Algunos plantean que un probable remedio a tanta inseguridad es el camino de endurecer las penas, conforme se da en otras naciones. Quienes defienden esta postura insisten en que los humanos son 'hijos del rigor' y que un sistema punitivo contundente desestimula a los que cometen delitos.
 
En realidad, se trata de un punto atendible, pero también totalmente opinable. No todo aquel que delinque se detiene a evaluar racionalmente las penas que eventualmente recibirán; en rigor, suponen que no serán descubiertos ni aprehendidos.
 
La asignatura pendiente es analizar a fondo el tema de las cárceles. Si aquellos que promueven la 'mano dura' con penas más elevadas triunfaran en su prédica, las cárceles actuales difícilmente alcancen.

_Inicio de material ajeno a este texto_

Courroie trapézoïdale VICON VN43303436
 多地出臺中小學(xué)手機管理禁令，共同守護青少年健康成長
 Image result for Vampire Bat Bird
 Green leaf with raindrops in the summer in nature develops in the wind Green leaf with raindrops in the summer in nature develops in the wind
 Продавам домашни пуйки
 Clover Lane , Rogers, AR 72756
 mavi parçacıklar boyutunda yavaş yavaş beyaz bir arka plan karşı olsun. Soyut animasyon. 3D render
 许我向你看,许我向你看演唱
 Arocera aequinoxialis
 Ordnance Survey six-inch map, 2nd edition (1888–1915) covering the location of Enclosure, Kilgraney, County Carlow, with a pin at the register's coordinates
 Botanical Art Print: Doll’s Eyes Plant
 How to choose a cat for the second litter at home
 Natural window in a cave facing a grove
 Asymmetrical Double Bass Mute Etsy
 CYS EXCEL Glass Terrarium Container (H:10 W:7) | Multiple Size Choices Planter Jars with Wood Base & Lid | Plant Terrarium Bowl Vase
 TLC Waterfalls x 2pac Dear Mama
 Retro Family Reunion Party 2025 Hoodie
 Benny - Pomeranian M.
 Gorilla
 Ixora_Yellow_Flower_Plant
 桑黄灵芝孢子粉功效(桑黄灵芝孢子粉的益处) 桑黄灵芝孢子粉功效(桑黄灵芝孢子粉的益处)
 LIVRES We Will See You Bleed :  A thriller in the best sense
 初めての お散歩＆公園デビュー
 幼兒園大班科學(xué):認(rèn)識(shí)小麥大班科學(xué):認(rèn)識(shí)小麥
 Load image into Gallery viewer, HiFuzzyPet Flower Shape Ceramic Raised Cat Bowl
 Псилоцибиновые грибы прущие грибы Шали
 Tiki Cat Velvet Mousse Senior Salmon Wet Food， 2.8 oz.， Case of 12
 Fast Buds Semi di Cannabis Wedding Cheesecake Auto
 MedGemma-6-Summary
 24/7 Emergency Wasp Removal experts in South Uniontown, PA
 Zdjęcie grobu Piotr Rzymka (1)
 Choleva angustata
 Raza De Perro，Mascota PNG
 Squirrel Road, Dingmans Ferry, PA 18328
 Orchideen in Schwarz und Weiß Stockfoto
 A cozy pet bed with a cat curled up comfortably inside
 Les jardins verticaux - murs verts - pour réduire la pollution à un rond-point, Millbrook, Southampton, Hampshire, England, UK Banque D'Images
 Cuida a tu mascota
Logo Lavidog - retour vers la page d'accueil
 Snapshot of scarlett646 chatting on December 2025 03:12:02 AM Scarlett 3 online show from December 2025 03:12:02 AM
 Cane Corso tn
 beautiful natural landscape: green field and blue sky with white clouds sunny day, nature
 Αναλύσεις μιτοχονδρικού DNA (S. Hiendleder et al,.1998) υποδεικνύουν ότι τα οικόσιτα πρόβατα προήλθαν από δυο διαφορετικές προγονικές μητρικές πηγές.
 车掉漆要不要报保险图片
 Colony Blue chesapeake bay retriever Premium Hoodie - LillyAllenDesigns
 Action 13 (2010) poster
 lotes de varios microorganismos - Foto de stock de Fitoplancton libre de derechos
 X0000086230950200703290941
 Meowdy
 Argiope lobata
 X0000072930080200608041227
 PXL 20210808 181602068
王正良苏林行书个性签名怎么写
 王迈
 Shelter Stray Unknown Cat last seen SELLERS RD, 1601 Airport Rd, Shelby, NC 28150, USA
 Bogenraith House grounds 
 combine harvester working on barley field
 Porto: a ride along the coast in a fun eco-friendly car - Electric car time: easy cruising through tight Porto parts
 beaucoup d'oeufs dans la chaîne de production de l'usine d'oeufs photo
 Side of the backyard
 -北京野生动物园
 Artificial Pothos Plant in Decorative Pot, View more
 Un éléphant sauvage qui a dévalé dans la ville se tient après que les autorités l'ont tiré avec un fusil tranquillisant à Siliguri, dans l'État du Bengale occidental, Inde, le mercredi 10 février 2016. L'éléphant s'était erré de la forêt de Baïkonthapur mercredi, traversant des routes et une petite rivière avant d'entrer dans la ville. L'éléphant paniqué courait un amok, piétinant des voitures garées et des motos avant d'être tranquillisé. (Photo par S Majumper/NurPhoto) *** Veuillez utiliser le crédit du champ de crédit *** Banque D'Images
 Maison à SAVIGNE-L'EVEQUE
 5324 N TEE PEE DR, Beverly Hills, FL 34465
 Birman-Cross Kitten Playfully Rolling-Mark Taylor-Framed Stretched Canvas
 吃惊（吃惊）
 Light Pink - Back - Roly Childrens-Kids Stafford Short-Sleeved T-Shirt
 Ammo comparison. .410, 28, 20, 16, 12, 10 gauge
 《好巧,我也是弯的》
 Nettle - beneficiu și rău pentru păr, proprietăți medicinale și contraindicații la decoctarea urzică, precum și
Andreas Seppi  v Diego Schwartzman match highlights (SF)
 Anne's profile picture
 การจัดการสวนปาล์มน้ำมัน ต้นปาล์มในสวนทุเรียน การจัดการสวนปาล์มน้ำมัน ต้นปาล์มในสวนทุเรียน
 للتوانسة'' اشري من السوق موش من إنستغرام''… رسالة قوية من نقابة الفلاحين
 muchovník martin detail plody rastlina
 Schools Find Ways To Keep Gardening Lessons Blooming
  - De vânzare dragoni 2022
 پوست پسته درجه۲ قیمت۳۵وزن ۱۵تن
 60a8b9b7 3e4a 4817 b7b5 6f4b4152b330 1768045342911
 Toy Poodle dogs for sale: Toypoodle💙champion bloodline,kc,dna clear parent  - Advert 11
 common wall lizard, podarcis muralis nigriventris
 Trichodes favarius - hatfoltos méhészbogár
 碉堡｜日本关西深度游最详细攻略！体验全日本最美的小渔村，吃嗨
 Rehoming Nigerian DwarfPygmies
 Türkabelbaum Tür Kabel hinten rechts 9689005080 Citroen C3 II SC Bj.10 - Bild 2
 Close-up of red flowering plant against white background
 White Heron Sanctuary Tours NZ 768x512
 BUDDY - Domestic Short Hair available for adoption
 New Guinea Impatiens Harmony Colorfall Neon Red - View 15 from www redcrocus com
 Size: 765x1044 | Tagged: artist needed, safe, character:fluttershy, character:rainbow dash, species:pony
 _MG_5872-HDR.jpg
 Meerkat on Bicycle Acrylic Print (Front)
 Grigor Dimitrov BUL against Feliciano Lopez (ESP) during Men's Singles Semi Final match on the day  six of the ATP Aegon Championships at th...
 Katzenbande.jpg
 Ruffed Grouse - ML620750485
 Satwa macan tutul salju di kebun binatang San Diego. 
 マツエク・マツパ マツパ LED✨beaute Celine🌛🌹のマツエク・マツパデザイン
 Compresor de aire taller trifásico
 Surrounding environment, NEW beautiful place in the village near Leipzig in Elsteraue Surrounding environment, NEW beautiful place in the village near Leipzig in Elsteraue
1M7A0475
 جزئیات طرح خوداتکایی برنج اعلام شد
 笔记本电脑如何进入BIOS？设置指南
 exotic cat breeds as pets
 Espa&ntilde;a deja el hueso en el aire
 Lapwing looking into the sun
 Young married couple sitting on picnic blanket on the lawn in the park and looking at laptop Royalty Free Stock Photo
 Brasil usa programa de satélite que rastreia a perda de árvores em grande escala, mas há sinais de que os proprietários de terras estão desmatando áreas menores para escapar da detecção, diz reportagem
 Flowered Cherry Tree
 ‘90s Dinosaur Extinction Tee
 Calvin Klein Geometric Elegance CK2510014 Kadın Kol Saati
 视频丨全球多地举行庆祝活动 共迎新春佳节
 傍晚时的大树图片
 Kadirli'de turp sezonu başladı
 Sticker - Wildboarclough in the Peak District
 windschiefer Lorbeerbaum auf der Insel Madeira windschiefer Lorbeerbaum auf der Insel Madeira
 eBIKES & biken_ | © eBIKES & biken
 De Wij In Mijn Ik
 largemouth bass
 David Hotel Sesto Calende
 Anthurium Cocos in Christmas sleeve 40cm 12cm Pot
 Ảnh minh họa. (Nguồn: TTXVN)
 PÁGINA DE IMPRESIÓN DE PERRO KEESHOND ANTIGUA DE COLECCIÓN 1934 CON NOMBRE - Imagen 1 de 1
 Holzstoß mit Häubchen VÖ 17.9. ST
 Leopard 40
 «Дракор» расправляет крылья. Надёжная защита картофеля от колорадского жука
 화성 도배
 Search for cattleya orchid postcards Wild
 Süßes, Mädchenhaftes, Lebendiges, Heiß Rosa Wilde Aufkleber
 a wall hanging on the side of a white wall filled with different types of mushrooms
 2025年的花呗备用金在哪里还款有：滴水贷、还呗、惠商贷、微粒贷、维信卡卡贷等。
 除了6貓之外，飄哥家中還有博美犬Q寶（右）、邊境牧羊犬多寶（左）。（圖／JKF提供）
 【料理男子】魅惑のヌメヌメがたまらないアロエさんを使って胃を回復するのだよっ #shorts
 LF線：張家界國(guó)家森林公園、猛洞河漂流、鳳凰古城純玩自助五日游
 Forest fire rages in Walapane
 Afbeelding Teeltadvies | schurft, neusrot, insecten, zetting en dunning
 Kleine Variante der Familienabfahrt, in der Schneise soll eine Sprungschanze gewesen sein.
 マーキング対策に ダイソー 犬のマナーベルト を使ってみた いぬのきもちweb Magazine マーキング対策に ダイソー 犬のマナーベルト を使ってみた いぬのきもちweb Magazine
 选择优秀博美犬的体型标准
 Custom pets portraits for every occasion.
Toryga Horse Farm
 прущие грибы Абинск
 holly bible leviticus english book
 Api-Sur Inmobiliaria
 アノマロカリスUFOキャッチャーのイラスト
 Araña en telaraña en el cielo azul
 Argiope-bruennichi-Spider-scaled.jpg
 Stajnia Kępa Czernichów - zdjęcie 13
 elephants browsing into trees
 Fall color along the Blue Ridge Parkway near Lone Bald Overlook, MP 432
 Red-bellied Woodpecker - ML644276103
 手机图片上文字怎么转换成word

Pero lo más grave es que, de no darse una modificación conceptual frente a cómo funciona el sistema penitenciario, solo se lograría un resultado más negativo.
 
La Constitución Nacional dice sabiamente que 'las cárceles de la Confederación serán sanas y limpias, para seguridad y no para castigo de los reos detenidos en ellas, y toda medida que a pretexto de precaución conduzca a mortificarlos más allá de lo que aquélla exija, hará responsable al juez que la autorice'. Resulta contradictorio que una sociedad que se cuestiona su escaso apego al cumplimiento de la ley no haya tomado nota de este aspecto tan evidente. Tal vez sea porque, en este caso, la máxima norma del país no interprete los deseos de los ciudadanos, que reclaman que los delincuentes sean castigados y nunca reinsertados en la comunidad.
 
Las prisiones en este país, como en tantos otros, se han constituído en un centro de capacitación especializado de delincuentes. Una persona que ha incurrido en un delito sale de ese patético ámbito, luego de años, con mayor formación en lo incorrecto. Sus diálogos interminables con criminales de mayor trayectoria y experiencia le hacen conocer nuevos métodos y variadas fechorías que ni siquiera conocía previamente.
 
Sin embargo, y al mismo tiempo, su permanencia en prisión solo le ha servido para ser humillado, tratado como un animal, sometido a vejaciones de todo orden y sin posibilidad de reeducarse -aún si así lo hubiera deseado.
 
Este proceso por el reo ha terminado en prisión a partir de los errores que ha cometido, por las malas decisiones que ha tomado en su vida, lo ha llevado a un lugar donde no es considerado persona, donde otros seres humanos le harán sentir como el peor de todos, recordándole que es material de descarte, y que él -como persona- no vale la pena.
 
Así, pues, del penal solo se egresa con mayor resentimiento, con más odio y desprecio por los demás; listo para una revancha, y no con ganas de enderezar el rumbo de sus vidas con miras a comenzar de cero.
 
Los excesos cometidos en las cárceles, la violencia y corrupción -y su correspondiente clima de malas actitudes y sentimientos- no son temas desconocidos para las autoridades, ni por los funcionarios judiciales, ni tampoco por la sociedad. De algún modo, los ciudadanos pretenden que, en prisión, los detenidos sean realmente castigados. Eso explica porque sucede lo que todos conocen. Lo triste es que nadie se haga cargo y se prefiera exhibir esta actitud irresponsablemente cómplice de avalar con silencio lo inadmisible.
 
Podrían endurecerse las penas e incluso discutirse el procedimiento de las leyes, su velocidad a la hora de aplicarse, la actitud de los jueces y la educación de los ciudadanos. Seguramente, todo ello podría servir. Pero, mientras la herramienta que la sociedad tiene para reinsertar personas equivocadas sea el actual régimen penitenciario, esto no tiene un horizonte positivo a la vista.
 
Ni la mejor legislación que pueda soñarse, ni un esquema óptimo de selección para que sean hombres probos los encargados de impartir justicia, ni tampoco un rediseño de los contenidos de la educación formal, alcanzarán para encontrar el sendero. Resulta imprescindible que aquellas personas que han cometido delitos tengan una oportunidad, al menos una, de corregir sus errores, de arrepentirse, y de volver a ser parte integrante de la comunidad. Pero ya no repletos de malos sentimientos, sino con el entusiasmo de intentar una vida nueva y mejor. Es a tal efecto que es menester transformar el sistema carcelario.